## Supplied data
++++++++

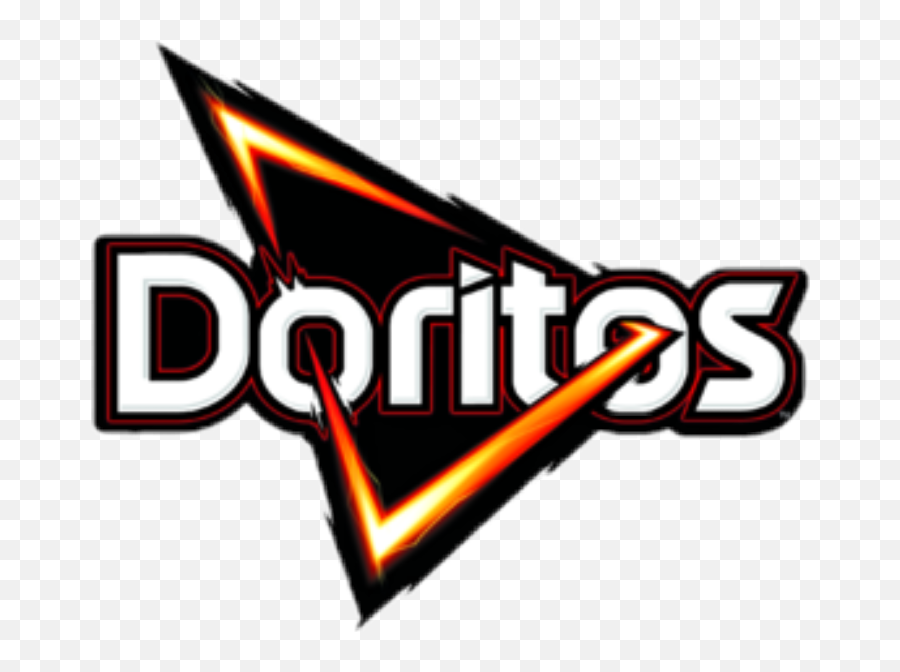 Mlg Sticker - Logo Doritos Emoji,Mlg Emojis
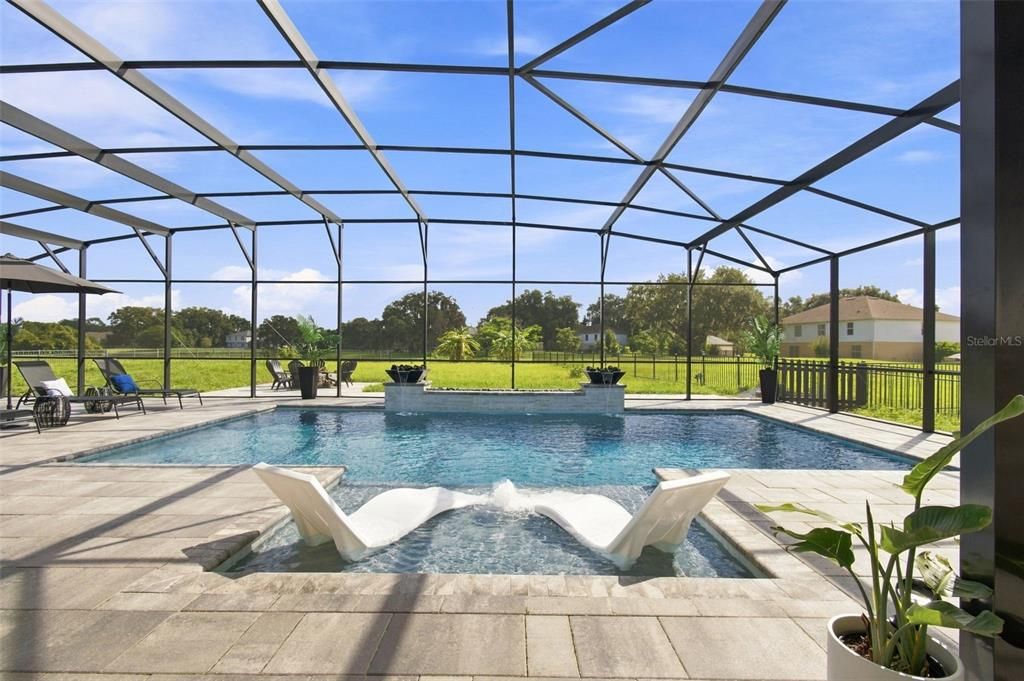 For Sale: $669,998 (5 beds, 2 baths, 2979 Square Feet)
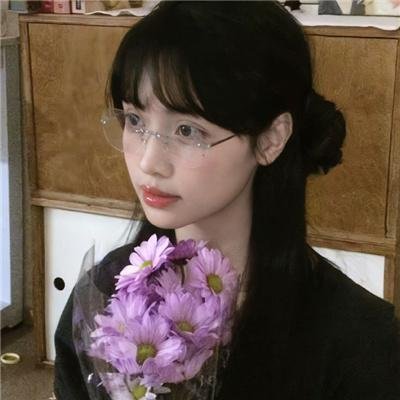 三位强者海报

++++++++

## What is required
Everything in the listing should be copied exactly, apart from the images it holds.

## Exercise output
 Mlg Sticker - Logo Doritos Emoji,Mlg Emojis
 For Sale: $669,998 (5 beds, 2 baths, 2979 Square Feet)
 三位强者海报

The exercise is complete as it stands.